_Work required:_ In your answer, reproduce exactly the lines from the beginning of the listing below through the one containing "Dr. Martens LEONA", and only those lines.
====== Data for the task
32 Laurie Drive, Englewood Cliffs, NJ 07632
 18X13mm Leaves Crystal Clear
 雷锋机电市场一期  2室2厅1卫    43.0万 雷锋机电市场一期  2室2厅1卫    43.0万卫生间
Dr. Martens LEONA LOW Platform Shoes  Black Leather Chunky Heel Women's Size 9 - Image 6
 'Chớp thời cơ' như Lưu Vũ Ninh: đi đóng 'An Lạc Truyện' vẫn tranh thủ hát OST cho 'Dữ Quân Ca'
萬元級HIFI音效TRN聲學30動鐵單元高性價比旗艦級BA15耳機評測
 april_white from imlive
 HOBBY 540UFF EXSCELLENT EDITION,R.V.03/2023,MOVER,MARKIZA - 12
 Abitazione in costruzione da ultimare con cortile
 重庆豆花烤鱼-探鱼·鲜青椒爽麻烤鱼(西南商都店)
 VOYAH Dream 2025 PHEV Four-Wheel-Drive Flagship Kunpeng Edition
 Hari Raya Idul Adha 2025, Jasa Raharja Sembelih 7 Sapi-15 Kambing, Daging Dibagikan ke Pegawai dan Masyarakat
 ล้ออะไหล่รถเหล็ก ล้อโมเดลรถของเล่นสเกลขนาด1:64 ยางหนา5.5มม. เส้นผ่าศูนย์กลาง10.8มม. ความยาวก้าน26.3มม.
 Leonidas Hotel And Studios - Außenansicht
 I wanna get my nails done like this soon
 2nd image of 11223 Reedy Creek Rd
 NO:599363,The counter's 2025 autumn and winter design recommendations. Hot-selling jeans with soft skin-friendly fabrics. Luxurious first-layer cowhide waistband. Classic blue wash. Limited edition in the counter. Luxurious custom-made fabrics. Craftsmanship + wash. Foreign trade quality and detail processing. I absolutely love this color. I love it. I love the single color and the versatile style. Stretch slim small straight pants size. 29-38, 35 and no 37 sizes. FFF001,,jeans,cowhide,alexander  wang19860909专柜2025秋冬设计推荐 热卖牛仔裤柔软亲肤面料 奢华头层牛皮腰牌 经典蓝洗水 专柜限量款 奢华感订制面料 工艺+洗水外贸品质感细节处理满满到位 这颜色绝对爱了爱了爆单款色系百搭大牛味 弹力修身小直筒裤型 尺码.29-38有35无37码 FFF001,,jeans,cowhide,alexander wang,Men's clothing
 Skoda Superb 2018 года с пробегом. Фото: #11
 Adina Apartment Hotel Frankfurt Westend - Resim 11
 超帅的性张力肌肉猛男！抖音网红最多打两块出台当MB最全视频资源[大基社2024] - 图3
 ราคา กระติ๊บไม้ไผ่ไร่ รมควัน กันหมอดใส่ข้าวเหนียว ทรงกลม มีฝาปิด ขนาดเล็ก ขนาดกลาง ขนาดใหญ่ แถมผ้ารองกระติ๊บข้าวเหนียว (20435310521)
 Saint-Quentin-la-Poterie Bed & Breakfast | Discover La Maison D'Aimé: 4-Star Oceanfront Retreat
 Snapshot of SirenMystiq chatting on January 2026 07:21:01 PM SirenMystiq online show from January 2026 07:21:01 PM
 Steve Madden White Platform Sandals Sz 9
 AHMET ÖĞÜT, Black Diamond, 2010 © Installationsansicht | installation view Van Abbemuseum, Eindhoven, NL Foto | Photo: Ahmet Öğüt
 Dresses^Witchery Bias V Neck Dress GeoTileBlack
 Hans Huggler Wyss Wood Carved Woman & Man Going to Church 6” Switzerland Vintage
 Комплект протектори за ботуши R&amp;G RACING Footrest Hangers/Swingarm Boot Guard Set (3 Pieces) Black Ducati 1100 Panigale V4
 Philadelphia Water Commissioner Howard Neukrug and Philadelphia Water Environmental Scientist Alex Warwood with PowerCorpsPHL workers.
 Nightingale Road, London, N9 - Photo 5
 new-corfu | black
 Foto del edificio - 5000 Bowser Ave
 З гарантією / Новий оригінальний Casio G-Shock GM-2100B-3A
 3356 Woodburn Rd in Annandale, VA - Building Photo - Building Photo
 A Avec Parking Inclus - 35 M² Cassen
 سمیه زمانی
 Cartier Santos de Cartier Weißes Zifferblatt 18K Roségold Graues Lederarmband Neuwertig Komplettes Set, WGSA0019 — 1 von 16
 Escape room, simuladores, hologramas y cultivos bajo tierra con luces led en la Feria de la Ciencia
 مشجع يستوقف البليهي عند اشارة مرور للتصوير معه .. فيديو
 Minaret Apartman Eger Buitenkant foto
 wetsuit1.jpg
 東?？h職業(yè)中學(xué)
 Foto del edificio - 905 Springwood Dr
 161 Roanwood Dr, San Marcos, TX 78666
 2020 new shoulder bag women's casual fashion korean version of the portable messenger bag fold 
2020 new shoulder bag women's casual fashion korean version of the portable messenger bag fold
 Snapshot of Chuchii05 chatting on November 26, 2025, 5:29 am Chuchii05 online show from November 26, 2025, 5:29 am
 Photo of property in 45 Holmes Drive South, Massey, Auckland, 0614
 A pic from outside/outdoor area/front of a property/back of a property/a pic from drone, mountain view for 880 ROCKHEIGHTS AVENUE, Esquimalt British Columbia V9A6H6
============
_Expected answer:_
32 Laurie Drive, Englewood Cliffs, NJ 07632
 18X13mm Leaves Crystal Clear
 雷锋机电市场一期  2室2厅1卫    43.0万 雷锋机电市场一期  2室2厅1卫    43.0万卫生间
Dr. Martens LEONA LOW Platform Shoes  Black Leather Chunky Heel Women's Size 9 - Image 6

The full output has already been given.